"00:30 A Hora Negra" é uma descrição realista ou uma apologia da tortura?
O novo filme de Kathryn Bigelow, que estreia dia 17 em Portugal tem sido incensado pela crítica. Mas não se livra da polémica. A escritora Naomi Wolf compara Bigelow com Leni Riefenstahl pela "apologia" que o filme faz da tortura
Um dia depois da estreia do novo filme de Kathryn Bigelow (ontem à noite, em Washington), é certo que ele se mantém como um dos nomes mais fortes na corrida aos Óscares.
É certo também que a polémica que levantou continuará.
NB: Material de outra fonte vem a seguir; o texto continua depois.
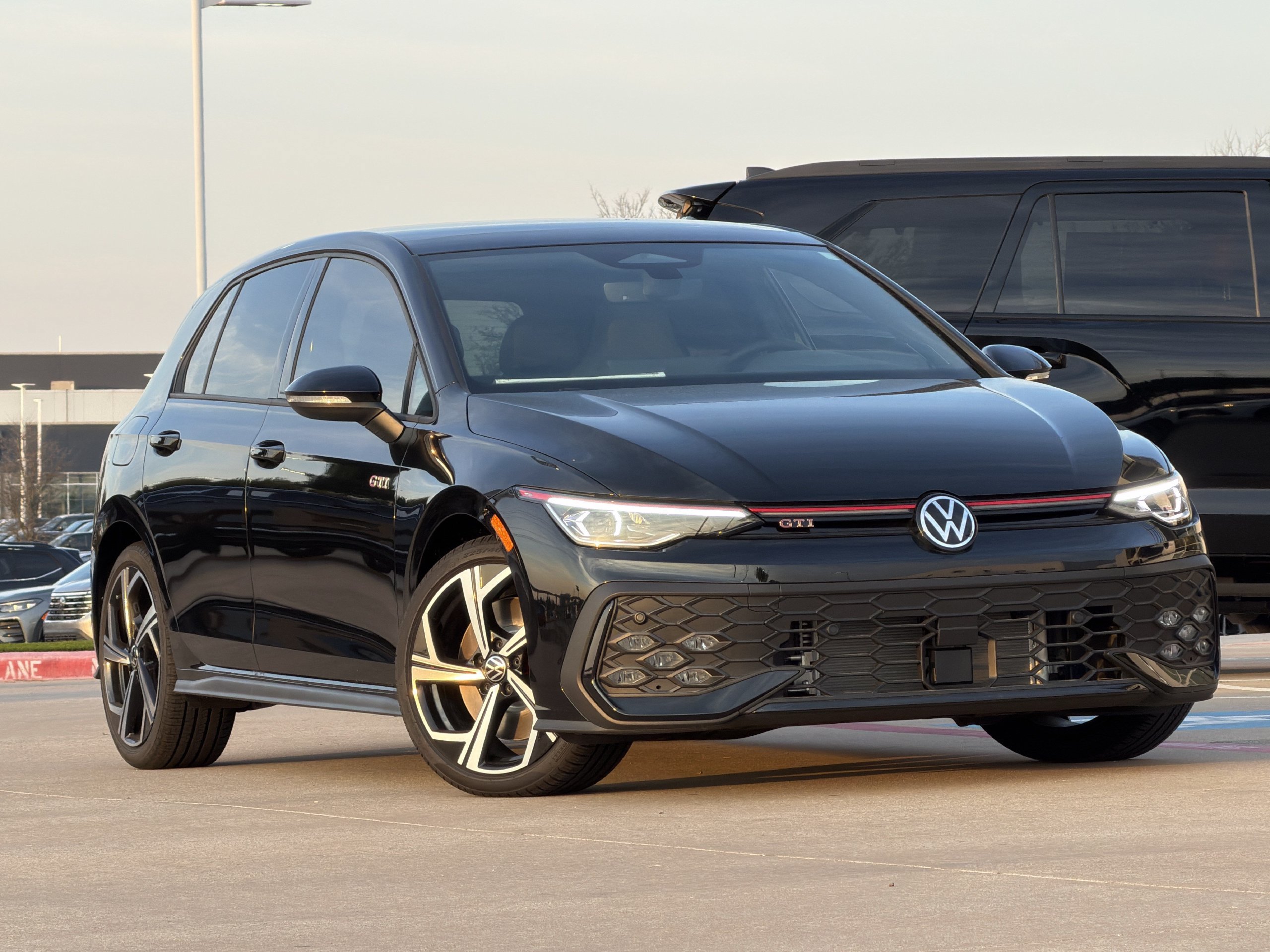 New 2026 Volkswagen GTI SE FWD image 2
Ontem, manifestantes vestidos com fatos cor de laranja semelhantes aos usados pelos prisioneiros de Guantánamo protestaram à porta do cinema onde o filme foi estreado, erguendo placards contra a prática de tortura e classificando 00:30 A Hora Negra, que estreia dia 17 nas salas portuguesas, como obra aprovada pelo Pentágono.
No discurso que antecedeu a projecção, Kathryn Bigelow afirmou-se “sinceramente impressionada com a notável debate nacional” que o filme está a suscitar. Citada pelo Guardian, Bigelow, falando também em nome do argumentista Mark Boal, refutou ter criado um filme apologista dos métodos seguidos pelos serviços secretos ou o desejo de criar controvérsia. “Exactamente o contrário. O Mark [Boal, argumentista] e eu quisemos apresentar a história tal como a entendemos, baseados na pesquisa extraordinária feita por Mark”.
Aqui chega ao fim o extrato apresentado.